In Wildeshausen sorgt ein Streit um die Teilnahme von Mädchen beim traditionellen Gildefest für Aufregung. Derzeit dürfen Mädchen nur zuschauen, während Jungen im Alter von 10 bis 14 Jahren mit der Armbrust auf den Papagei schießen. Die Initiative „Gilde für alle“ verlangt mit Nachdruck, dass Mädchen ebenfalls aktiv am Kinderschützenfest teilnehmen dürfen und fordert den Zugang zum Schießen auf den Papagei. Bei der kommenden Generalversammlung der Gilde am Samstag steht ein entsprechender Antrag zur Abstimmung, der die Statuten des rein männlichen Vereins verändern könnte. Gilde-Oberst Friedrich Ahlers gab jedoch zu verstehen, dass er keine Empfehlung für die Abstimmung abgeben werde und betonte, dass man auf alles vorbereitet sei. In diesem Kontext äußerte Hendrik Boldt von der Initiative, dass die Chancen auf eine Mehrheit für den Antrag eher gering seien.
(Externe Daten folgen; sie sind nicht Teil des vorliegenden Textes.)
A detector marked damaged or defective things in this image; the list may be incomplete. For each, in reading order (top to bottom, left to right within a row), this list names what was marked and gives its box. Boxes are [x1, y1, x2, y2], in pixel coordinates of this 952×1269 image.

Trotz der Perspektivlosigkeit der Initiative ist das Gildefest ein zentrales gesellschaftliches Ereignis für die Bewohner von Wildeshausen. Das Fest fördert die Gemeinschaft zwischen alt und jung sowie zwischen Eingesessenen und Zugezogenen. Das freut besonders die jungen Wildeshauser, die sich darauf freuen, in die Gilde einzutreten. Für viele Mädchen bleibt die Frage, warum sie nicht am Geschehen teilnehmen dürfen, schwer nachvollziehbar. Sie dürfen zwar die Jungen mit Rüschenkleidern begleiten und gelegentlich die Königskette polieren, aber eine aktive Teilnahme ist ausgeschlossen. Majken Hjortskov, ein Mitglied der Initiative, darf selbst nicht abstimmen, da Frauen nicht Mitglied der Gilde sind.
Politische Dimension und gesellschaftliche Relevanz
Das Gildefest hat nicht nur eine kulturelle, sondern auch eine politische Dimension. Der Bürgermeister von Wildeshausen wird traditionell zum General der Gilde ernannt, was die enge Verbindung zwischen dem Fest und der Stadtverwaltung verdeutlicht. Viele Menschen in Wildeshausen distanzieren sich zunehmend vom Fest, da der Ausschluss von Mädchen und Frauen als diskriminierend wahrgenommen wird. Es wird deutlich, dass eine Änderung der Teilnahmebedingungen dringend notwendig ist, um das Fest für alle Bürger zugänglich zu machen.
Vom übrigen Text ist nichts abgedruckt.